Gottes letzte Inseln: Wie die
Hutterer und Amischen leben
von Bernd G. Längin
Patloch Verlag
Seiten 336
ISBN 3-629-00674-4
QuoteDisplay MoreSelbst im multikulturellen Schmelztiegel Amerikas haben sie sich ihre Identität bewahrt. Mitten in der ``Neuen Welt'' führen sie ein Leben, als sei die Zeit vor einigen hundert Jahren stehen geblieben: Die radikalen Täufergruppen.

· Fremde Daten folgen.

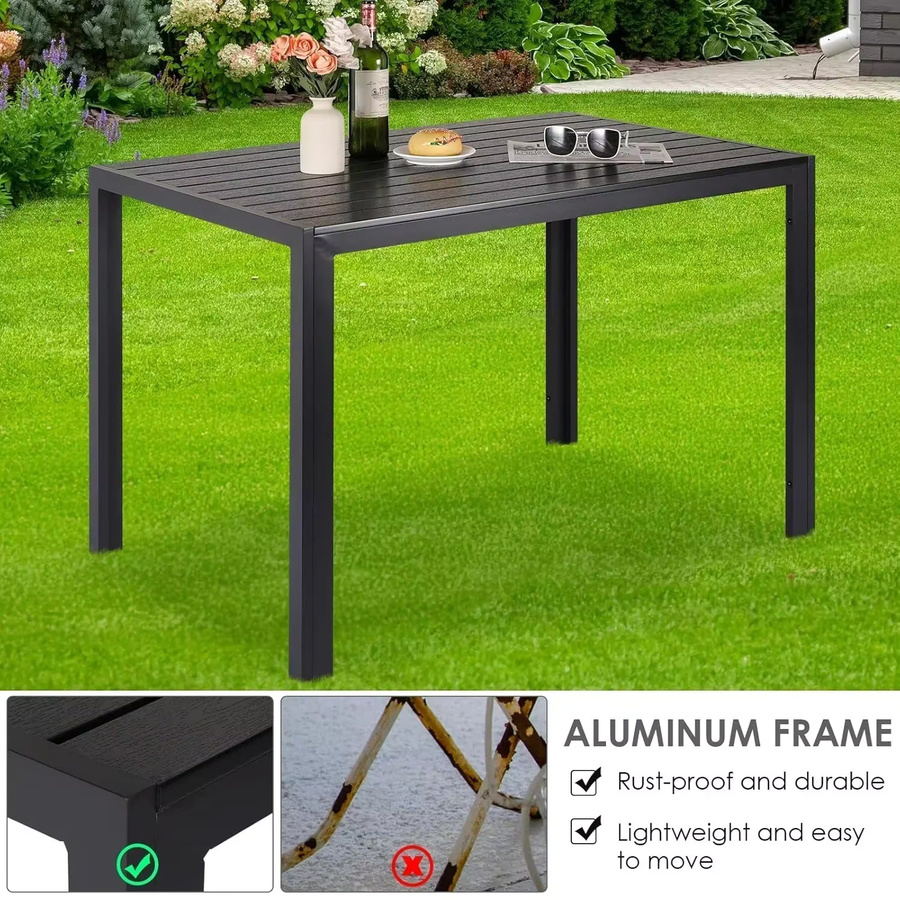 Homfa Esstisch für den Außenbereich aus Aluminium in Schwarz, rechteckig, B/T/H: 110 x 70 x 73 cm - Bild 4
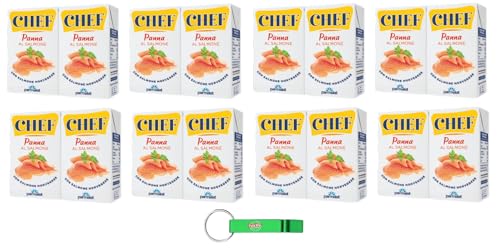 Parmalat Chef Panna al Salmone – Crema con salmón – Crema de cocina – Ideal para condimentar primeros platos de todo tipo, paquete con 2 x 125 ml + llavero Beni Culinari gratuito
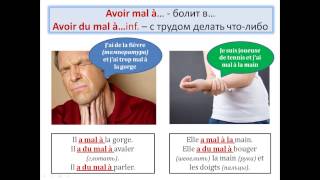 Уроки французского #67: Выражения " avoir mal à qch " и " avoir du mal à faire qch "  Лексика!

Das Festhalten an ihrer vom europäischen Kontinent mitgebrachten Lebensweise gelang den Hutterern, Amischen, Altkolonier und Altmennoniten, wie die vier wichtigsten heute noch bestehenden Täufergruppen heißen, meist nur um den Preis der beinahe hermetischen Abriegelung. Nur wenige Ausstehenden bekamen einen so intensiven Einblick in das Leben dieser kommune-ähnlichen Großgemeinschaften wie der in Winnipeg lebende Buchautor Bernd G. Längin. Mit Gottes letzte Inseln hat der Autor die wohl bisher umfassendste Dokumentation zu Geschichte und Gegenwart dieser Täufergruppen verfaßt.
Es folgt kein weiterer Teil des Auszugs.